Monday, January 25, 2010

Grio: Coakley Ignored Black Voters At Her Own Peril....But What About The Black Community?


Coakley ignored black voters at her own peril By Talia Whyte

I will allow you to read the article at the link above.

As I read this article I came up with some critical questions that Ms Whyte failed to ask.  Not of the Democrats but of the Black community.

As Ms Whyte states - indeed "Black" is synonymous with "Democrat" at this point.  The present Black Establishment worked to make it this way.

My question of the Black voter in Massachusetts amounts to: "What did the other voters in your state see that you did not see?".

Today I watched "Washington Watch" on TVOne in which they made note that there are "Democrats" and then there are "Obama voters".  We should not confuse the two.  This article forces me to ask the same question that I had when I watched the show - Why is it that the Black voter must be MOTIVATED to come out and vote?  It lends to the notion that the Black voter has two modes - "irrational exuberance" in which he will show up en masse to the polls to vote for the Democrats and unmotivated by the Democratic candidate in which  he simply will stay home.

The fault of this orientation resides with the Black establishment that have inculcated our people as such.

In the wake of this orientation in which the Democratic Party is the benefactor of our hope and the Republicans are the main recipient of our scorn - the Black community's permanent interests remain as unmet as ever.

Let me add another article to the mix:  NY Times - Bob Herbert - Blacks In Retreat.

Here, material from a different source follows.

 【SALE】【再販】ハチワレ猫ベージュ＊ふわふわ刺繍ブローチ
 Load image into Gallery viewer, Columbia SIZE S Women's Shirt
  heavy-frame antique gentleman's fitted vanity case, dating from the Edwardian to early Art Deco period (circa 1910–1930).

Present trends are not good. Communities of color are being crushed economically and the national news media have not fully focused on the carnage. The official unemployment rate for blacks is 16.2 percent and could well pass 17 percent before the year is out. The real jobless rate is far more ghastly. The Boston-based group United for a Fair Economy noted that even “college-educated black men are nearly twice as likely to be unemployed as their white, college-educated counterparts.”

In some poor neighborhoods, a man or woman with a traditional full-time job is the exception, not the rule. In five Midwestern states — Nebraska, Minnesota, Iowa, Wisconsin and Oklahoma — the jobless rate for blacks is at least three times as high as that for whites.

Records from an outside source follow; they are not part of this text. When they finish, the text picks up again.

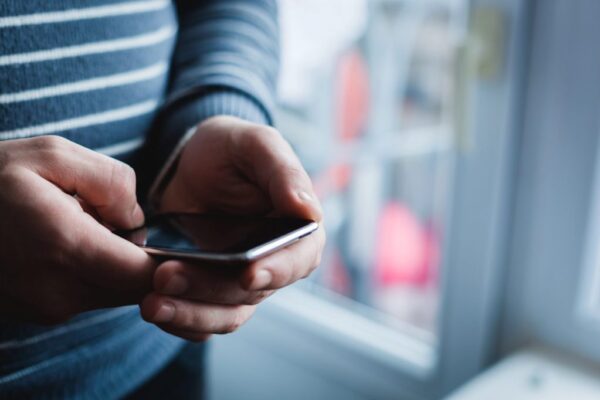 Digital decluttering tips that work without clearing your whole schedule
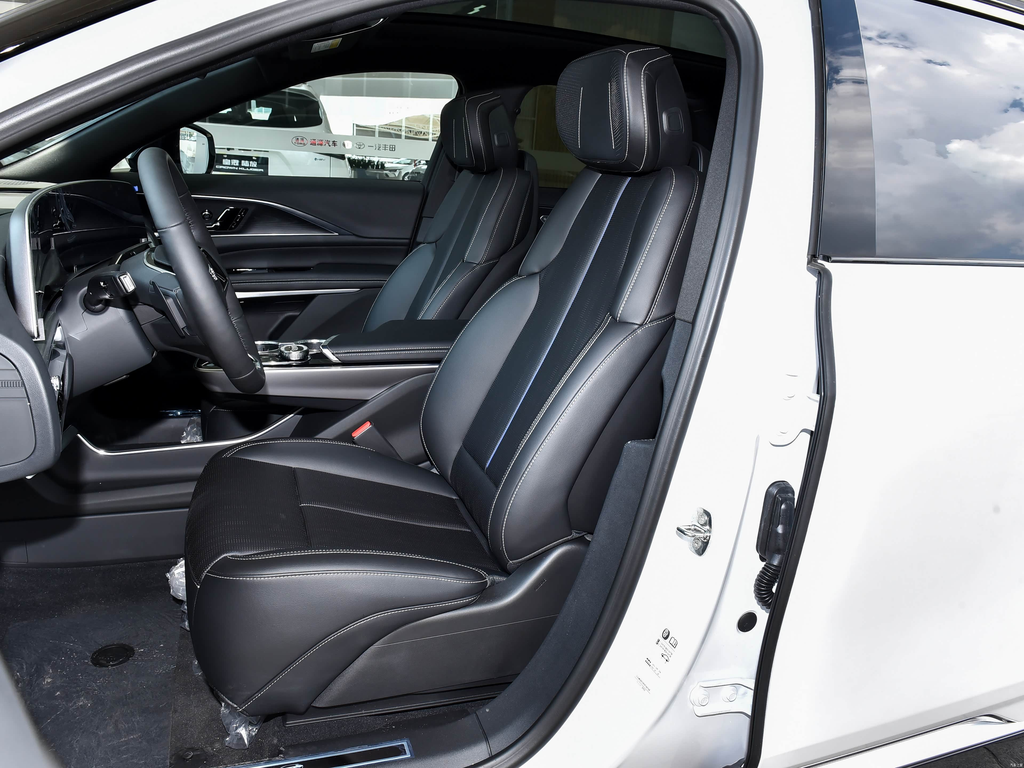 Cadillac Lyriq 2024 RWD Standard Range Luxury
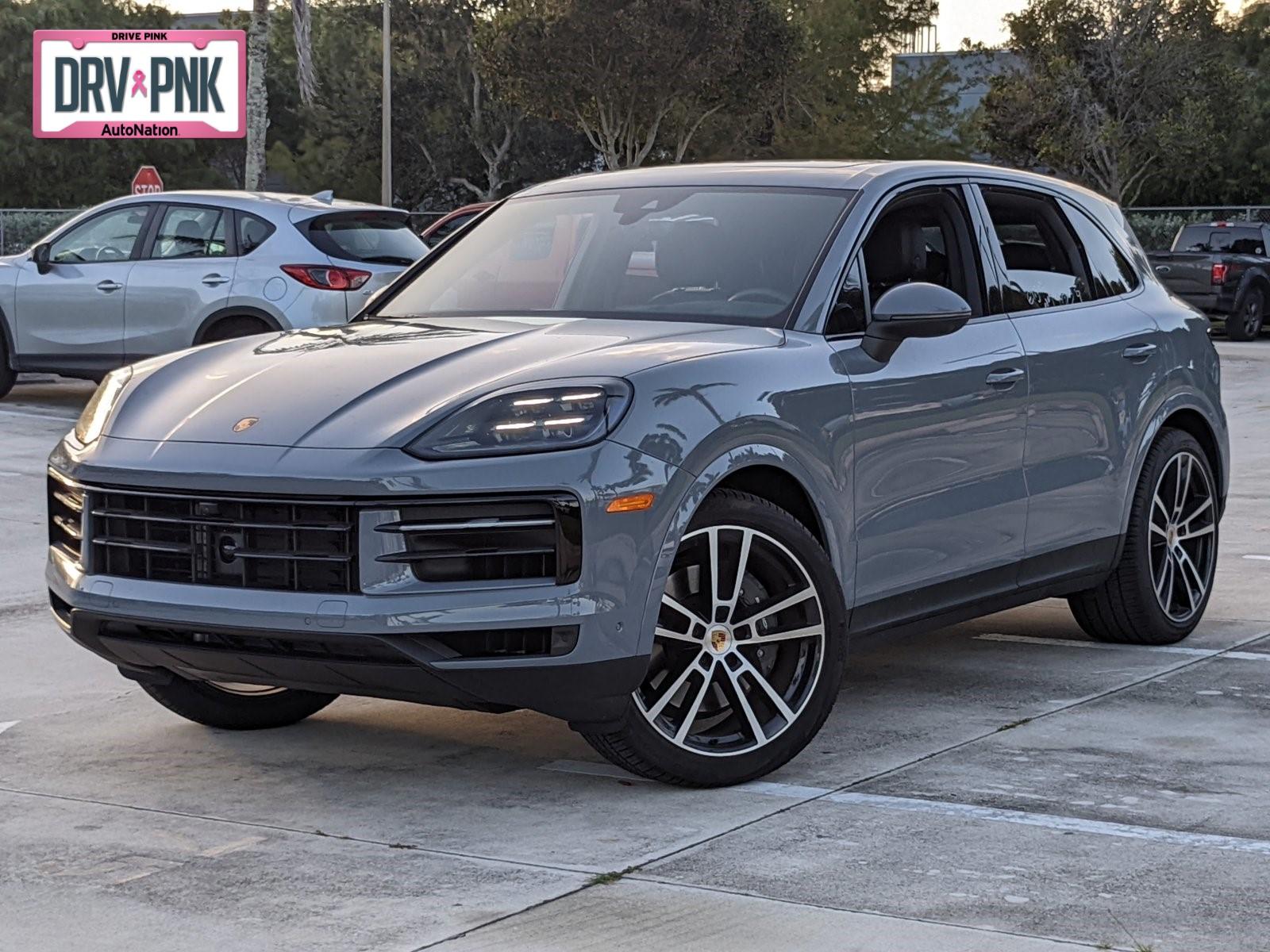 2024 Porsche Cayenne Vehicle Photo in Davie, FL 33331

Some decades ago, you would have heard a sustained outcry against such dire conditions among blacks, and there would have been loud demands for policy changes designed to bring more black Americans into the economic mainstream. You don’t hear much of that now. Too many so-called black leaders are much more interested in invitations to the White House and positive profiles in mainstream publications than in raising any kind of ruckus that might benefit people in real trouble.

What the politicians and today’s civil rights types won’t tell you is that we’re looking ahead to many long decades of grief and strife in America’s black communities because of our failure to respond effectively to the horrendous impact of the Great Recession and the policies that led up to it. Black Americans are going backward economically, and right now no one is stepping up to stop the retreat.

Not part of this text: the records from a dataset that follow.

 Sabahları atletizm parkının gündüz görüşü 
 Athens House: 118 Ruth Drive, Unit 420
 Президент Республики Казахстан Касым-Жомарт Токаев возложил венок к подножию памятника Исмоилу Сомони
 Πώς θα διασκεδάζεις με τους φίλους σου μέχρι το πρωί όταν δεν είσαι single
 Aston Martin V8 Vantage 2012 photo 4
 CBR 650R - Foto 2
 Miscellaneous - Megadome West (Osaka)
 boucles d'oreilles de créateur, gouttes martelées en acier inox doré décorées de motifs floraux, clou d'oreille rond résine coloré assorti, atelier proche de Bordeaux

Absent in Mr Herbert's analysis is any INTROSPECTION or OBSERVATION about the ESTABLISHMENT MACHINE within the Black community.

If the economy of the Black community is as Mr Herbert says - why is it so easy to "Nationalize" the blame and the hope for a rescue? Plain and simply - Why did you all vote for the local establishment that is in power when you make them so IRRELEVANT in your present focus?

This is merely another instance of my observation "Looking past the Local Democrats and attacking the National Republicans".  When Democrats slip up and take the national control as well - they have no recourse but to keep talking about the need for jobs and economic reform to their favored leaders.  Their resolve and "moral indignation" gets stripped away because ultimately - they make it clear that despite their grievances - they have no intention of landing a body blow upon the people they helped put into place.

3 comments:

Anonymous said...

Constructive FeedBack:

I love your blog. What I don't understand is, why are most of your posts followed by 0 comments? Am I missing something? It seems that you would have more respondents and a larger following. What's up with that?

Constructive Feedback said...

I have more than 250 page views per day. People are reading.

They feel no compulsion to POST and thus challenge me because they know 2 things:

1) I am speaking the truth

2) My goal is NOT to impale the Black community but instead to CHALLENGE it for the better.

There is a difference between "the PEOPLE in the Black community" and the ESTABLISHMENT LEADERSHIP.

The people have abdicated their responsibility to manage the establishment and thus we are being USED.

Anonymous said...

Good to know.

I applaud your measured approach to the "oddness" that is the black community in America.

When people can't seem to act in their own best interest, it's a serious problem; for the "community" and for the country as a whole.